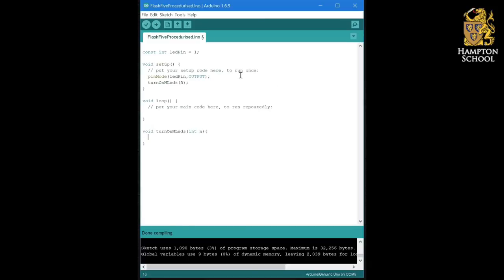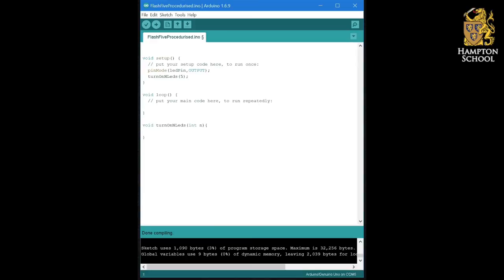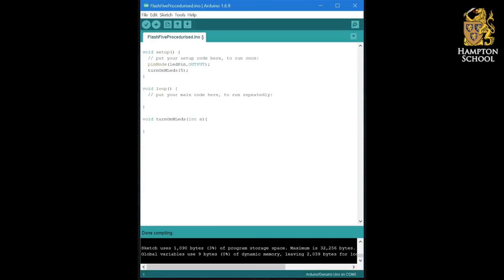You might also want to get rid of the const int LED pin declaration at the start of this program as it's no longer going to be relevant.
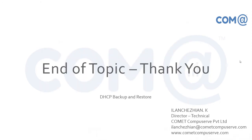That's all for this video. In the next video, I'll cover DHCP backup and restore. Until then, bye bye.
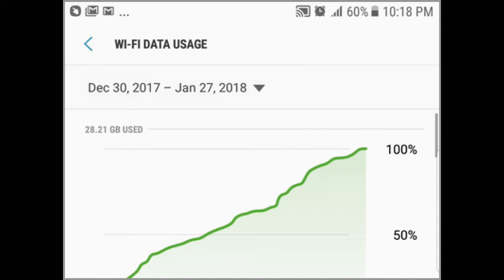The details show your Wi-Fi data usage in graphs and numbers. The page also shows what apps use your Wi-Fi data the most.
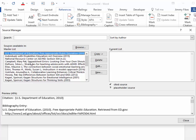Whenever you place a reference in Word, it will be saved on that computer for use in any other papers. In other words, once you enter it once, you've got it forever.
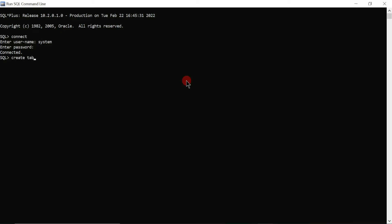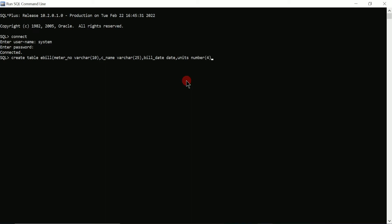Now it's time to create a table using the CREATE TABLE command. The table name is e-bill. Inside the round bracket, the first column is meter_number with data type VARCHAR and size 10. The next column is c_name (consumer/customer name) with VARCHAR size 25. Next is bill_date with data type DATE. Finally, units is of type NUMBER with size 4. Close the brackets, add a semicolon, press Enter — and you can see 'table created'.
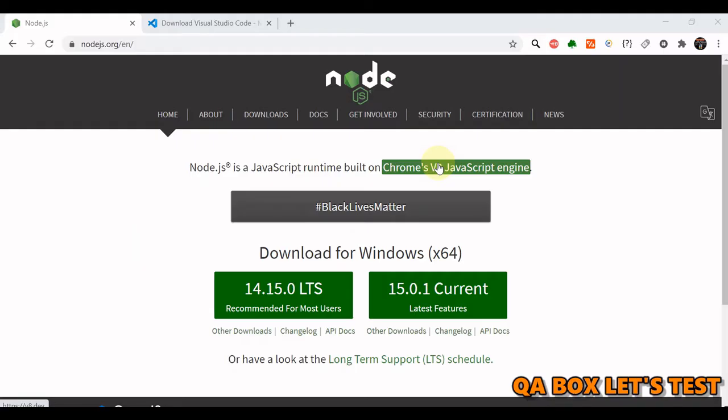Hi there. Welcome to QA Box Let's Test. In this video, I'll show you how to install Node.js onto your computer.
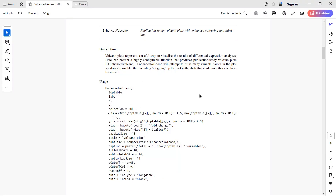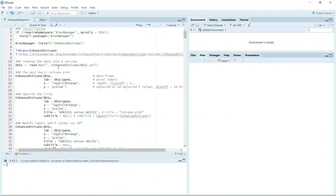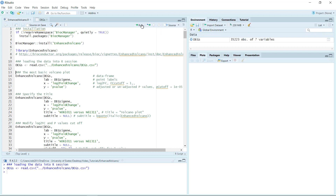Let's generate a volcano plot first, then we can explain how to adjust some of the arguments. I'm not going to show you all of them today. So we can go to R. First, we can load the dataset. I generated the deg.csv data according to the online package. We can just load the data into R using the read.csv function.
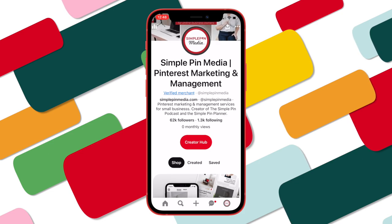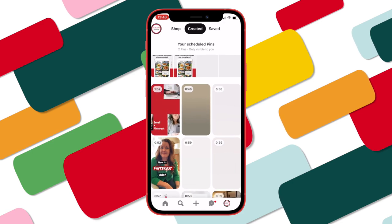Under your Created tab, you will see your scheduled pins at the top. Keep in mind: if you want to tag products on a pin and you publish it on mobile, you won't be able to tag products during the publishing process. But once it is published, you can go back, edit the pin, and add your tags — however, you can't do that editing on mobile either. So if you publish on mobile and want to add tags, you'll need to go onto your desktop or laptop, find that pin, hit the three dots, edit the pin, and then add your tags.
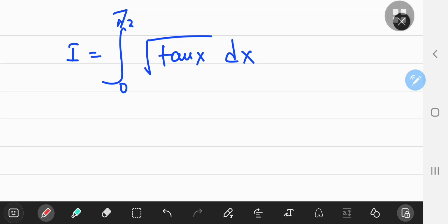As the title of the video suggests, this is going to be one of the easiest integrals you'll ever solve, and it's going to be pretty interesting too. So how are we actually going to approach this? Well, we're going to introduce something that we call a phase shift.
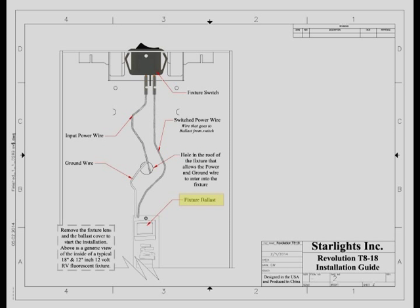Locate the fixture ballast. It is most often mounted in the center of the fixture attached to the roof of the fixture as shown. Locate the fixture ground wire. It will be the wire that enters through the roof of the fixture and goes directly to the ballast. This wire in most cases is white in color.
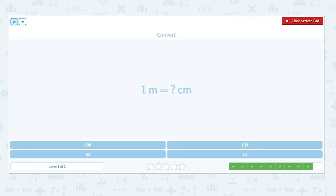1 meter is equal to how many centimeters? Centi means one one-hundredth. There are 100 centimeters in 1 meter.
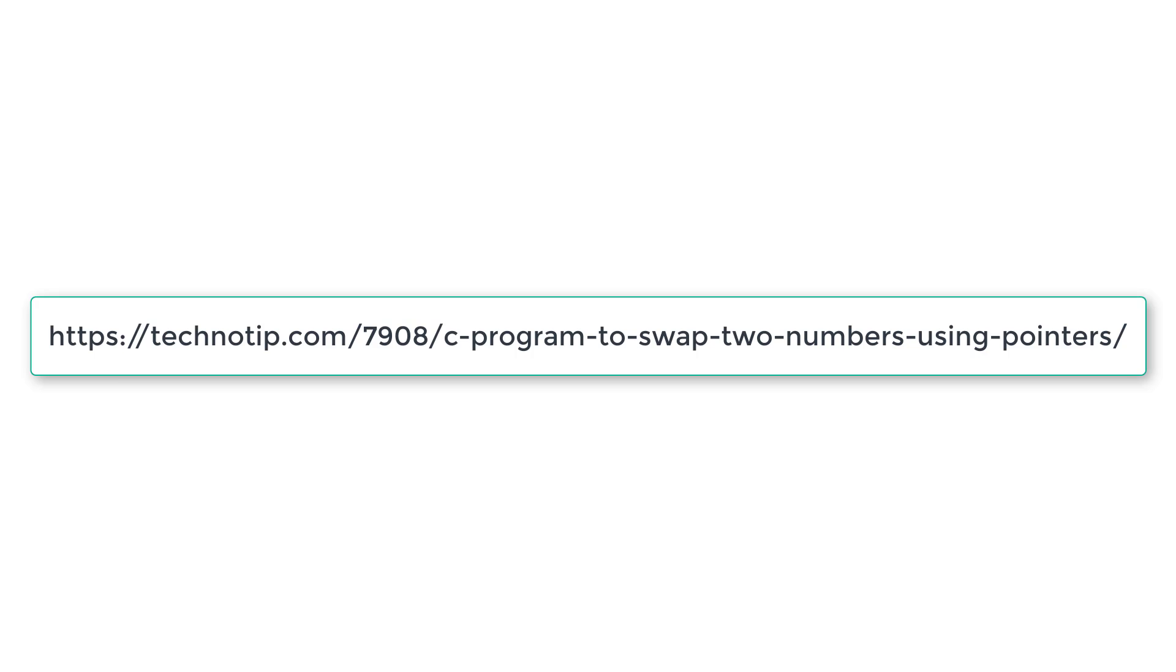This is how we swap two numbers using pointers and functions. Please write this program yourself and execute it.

*Task objective*: Repeat each entry above exactly. Omit the pictures.

*Expected answer*:
You might also want to get rid of the const int LED pin declaration at the start of this program as it's no longer going to be relevant.
That's all for this video. In the next video, I'll cover DHCP backup and restore. Until then, bye bye.
The details show your Wi-Fi data usage in graphs and numbers. The page also shows what apps use your Wi-Fi data the most.
Whenever you place a reference in Word, it will be saved on that computer for use in any other papers. In other words, once you enter it once, you've got it forever.
Now it's time to create a table using the CREATE TABLE command. The table name is e-bill. Inside the round bracket, the first column is meter_number with data type VARCHAR and size 10. The next column is c_name (consumer/customer name) with VARCHAR size 25. Next is bill_date with data type DATE. Finally, units is of type NUMBER with size 4. Close the brackets, add a semicolon, press Enter — and you can see 'table created'.
Hi there. Welcome to QA Box Let's Test. In this video, I'll show you how to install Node.js onto your computer.
Let's generate a volcano plot first, then we can explain how to adjust some of the arguments. I'm not going to show you all of them today. So we can go to R. First, we can load the dataset. I generated the deg.csv data according to the online package. We can just load the data into R using the read.csv function.
Under your Created tab, you will see your scheduled pins at the top. Keep in mind: if you want to tag products on a pin and you publish it on mobile, you won't be able to tag products during the publishing process. But once it is published, you can go back, edit the pin, and add your tags — however, you can't do that editing on mobile either. So if you publish on mobile and want to add tags, you'll need to go onto your desktop or laptop, find that pin, hit the three dots, edit the pin, and then add your tags.
As the title of the video suggests, this is going to be one of the easiest integrals you'll ever solve, and it's going to be pretty interesting too. So how are we actually going to approach this? Well, we're going to introduce something that we call a phase shift.
Locate the fixture ballast. It is most often mounted in the center of the fixture attached to the roof of the fixture as shown. Locate the fixture ground wire. It will be the wire that enters through the roof of the fixture and goes directly to the ballast. This wire in most cases is white in color.
1 meter is equal to how many centimeters? Centi means one one-hundredth. There are 100 centimeters in 1 meter.
This is how we swap two numbers using pointers and functions. Please write this program yourself and execute it.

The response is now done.